8. Once the standards and the unknown sample have been added to the appropriate wells, seal the plate and incubate for 48hrs at 40C.Day 2: Reading the IL-2 ELISA assay 1. Aspirate wells and wash three times with 200µL per well of 1X PBS with 0.05% Tween 20 wash buffer using a multi-channel pipettor (T.A. will do this). 2. Add 100µL per well of detection antibody diluted in 1X Assay Diluent.
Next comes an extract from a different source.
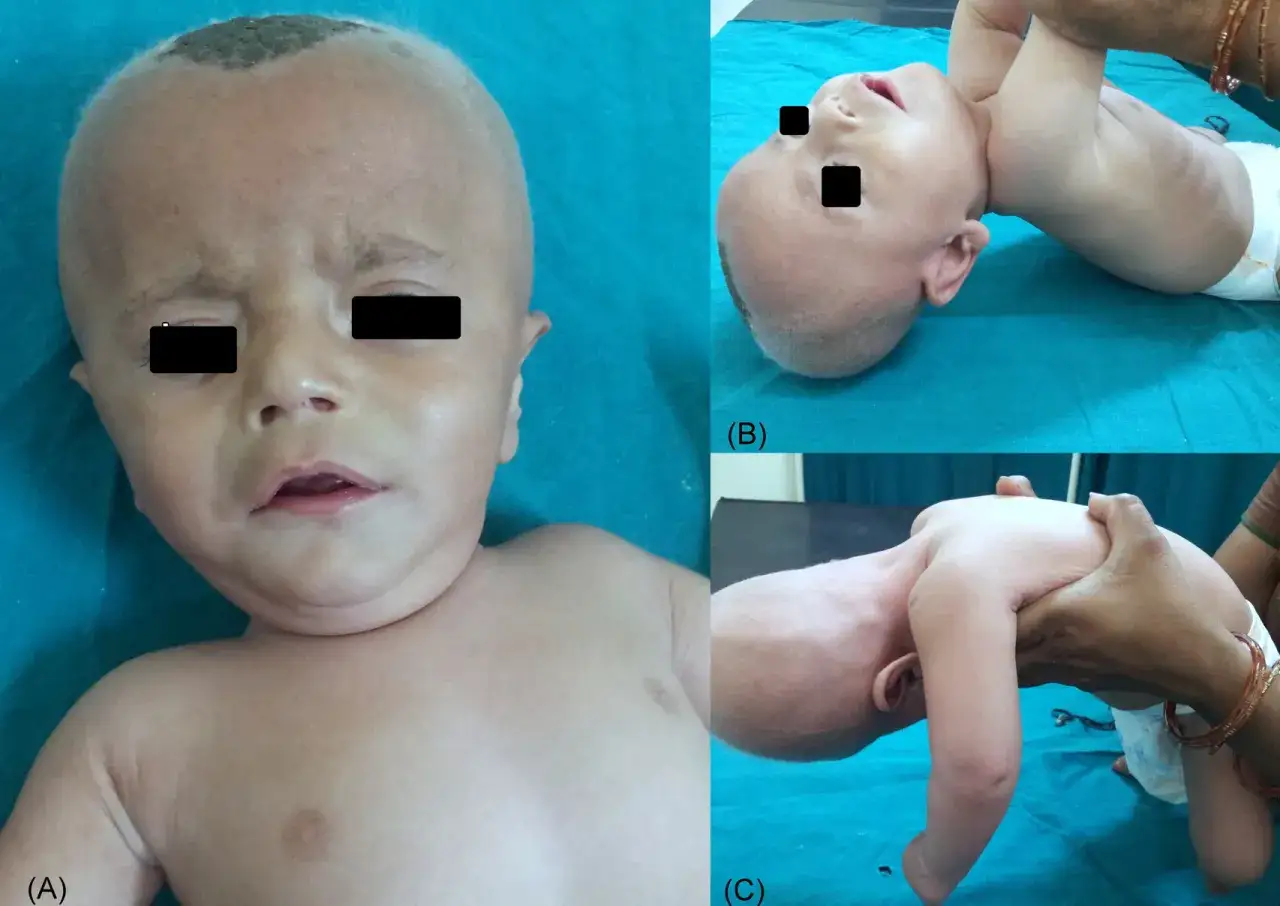 Beb&eacute; con rasgos faciales caracter&iacute;sticos de la enfermedad de Menkes, incluyendo piel fina y cabello escaso. Las im&aacute;genes (B) y (C) muestran hipotonia.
Seal the plate and incubate at room temperature for 1 hour (T.A. will do this). 3. Aspirate wells and wash three times with 200µL per well of 1X PBS with 0.05% Tween 20 wash buffer using a multi-channel pipettor. 4. Add 100µL per well of Enzyme (Avidin-HRP) diluted in 1X Assay Diluent. Seal the plate and incubate at room temperature for 30 minutes. 5. Aspirate wells and wash three times with 200µL per well of 1X PBS with 0.05% Tween 20 wash buffer using a multi-channel pipettor 6. Add 100µL of substrate solution to each well. Seal the plate and incubate for 15 minutes at room temperature. 7. Add 50µL of stop solution to each well. 8. Read plate at 450nm. 9. Average the absorbance values of the triplicates for the standards and use these averages to create a standard curve with the concentration of IL-2 in pg/ml on the X axis and the average absorbance value on the Y axis. Include Y error bars.
10. Using the y equation from your standard curve, determine the concentration of IL-2 (pg/ml) in your unknown sample.